Australian LNG industry calls for special treatment

Sept. 21, 2008
Australia's $20 billion (Aus.) LNG industry has lobbied the federal government to create a category labelled 'Clean Global Contributors' in its proposed emissions trading scheme.

Rick Wilkinson
OGJ Correspondent

MELBOURNE, Sept. 21 -- Australia's $20 billion (Aus.) LNG industry has lobbied the federal government to create a category labelled 'Clean Global Contributors' in its proposed emissions trading scheme.

Responding to the government's Carbon Pollution Reduction Scheme Green Paper the Australian Petroleum Production & Exploration Association argues that LNG plays a crucial role in the global move towards carbon constraint. Therefore exporters of the low-emission fuel should not be penalised for the emissions associated with liquefying the gas for export.

APPEA's submission calls on the government to ensure that Australian industries that materially assist the world to move to a lower emissions future are not hampered by a domestic emissions reduction scheme operating in the absence of a broad global scheme.

APPEA said LNG exporters should be included in the government's Emissions Intensive Trade Exposed Industries (EITE) and Strongly Affected Industries (SA), which will be compensated during the initial stages of the scheme.

APPEA Chief Executive Belinda Robinson says the category of Clean Global Contributors should be subject to materiality tests and sit alongside EITE and SA industries.

"Every extra tonne of cooled gas that the LNG industry can export to China will help avoid global greenhouse emissions of up to 6.8 tonnes in net terms," she said, adding, "That's why the growth of the LNG industry is so important—clean-burning natural gas provides a vital stepping stone on the path to low-emissions economies."

Taking up this theme, Woodside Petroleum's Chief Executive Officer Don Voelte delivered another blast at the federal government this week, saying that LNG projects could lose between 15-30% of their aftertax net profits.

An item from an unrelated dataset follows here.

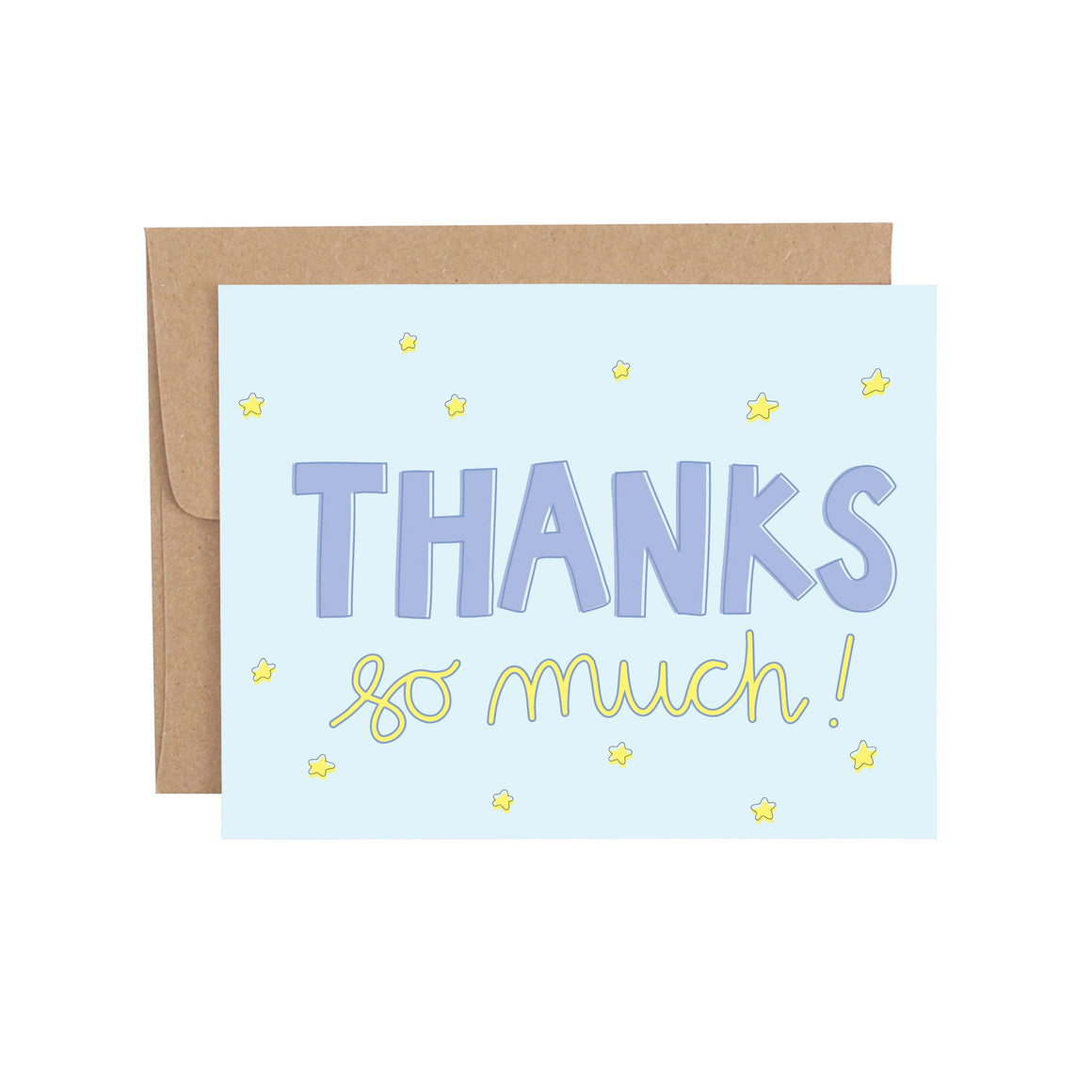 Thanks So Much Card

Woodside's submission in answer to the Green Paper said that LNG-specific modelling by economics group ACIL-Tasman indicated a carbon price of $20 (Aus.)/tonne would reduce aftertax cash flows for LNG projects by 15%.

A carbon price of $20-40 (Aus.)/tonne in 2010 escalating over time would impact a typical 2-train 10 million tonne/year LNG project by increasing operating costs by up to 120%, thus reducing aftertax cash flows by up to 29%. This would result in an effective tax rate of up to 55%.

Voelte said this seriously threatened the competitiveness of the multibillion dollar Australian LNG industry.